Raw data.
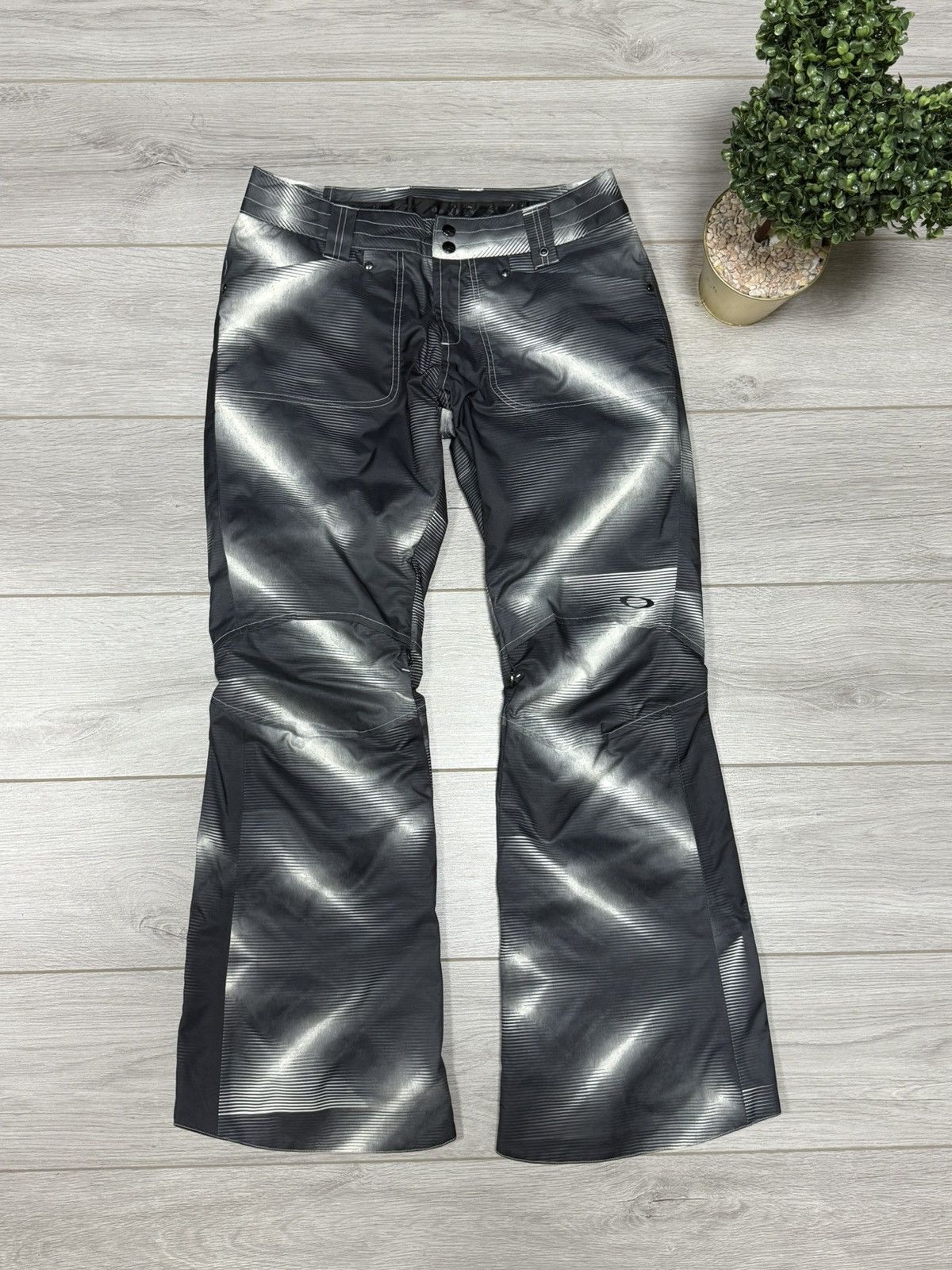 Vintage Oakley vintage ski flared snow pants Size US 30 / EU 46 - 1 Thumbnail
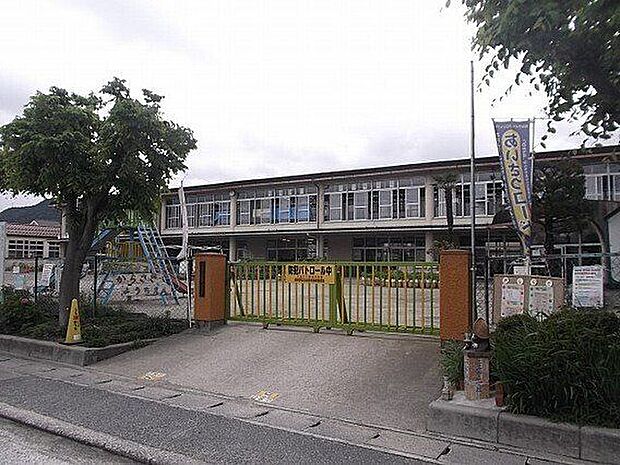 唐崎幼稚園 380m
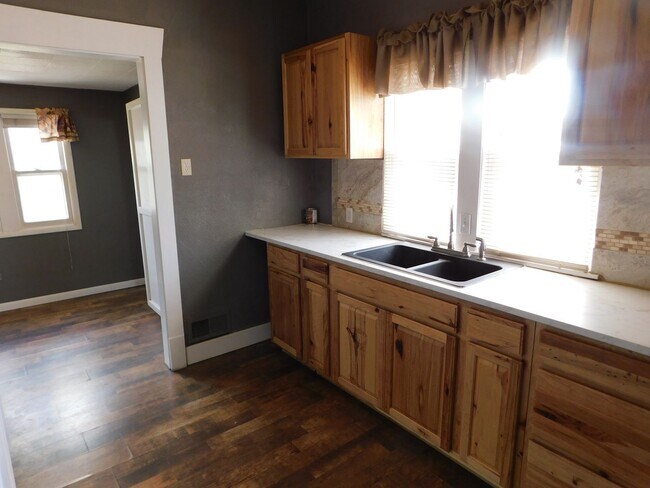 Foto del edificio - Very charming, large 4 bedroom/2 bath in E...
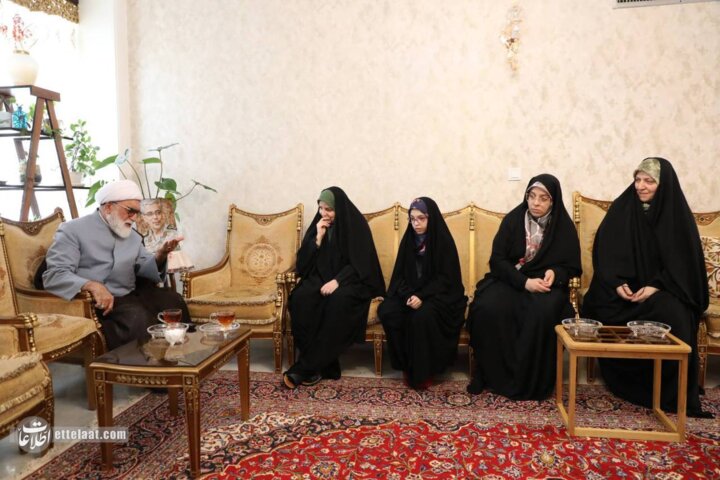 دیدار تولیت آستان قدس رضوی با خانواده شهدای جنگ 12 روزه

Instructions for the task. With the pictures removed, write out exactly the lines from the line containing "Foto del edificio" through the last line of the material above, both included.

Result of the task.
 Foto del edificio - Very charming, large 4 bedroom/2 bath in E...
 دیدار تولیت آستان قدس رضوی با خانواده شهدای جنگ 12 روزه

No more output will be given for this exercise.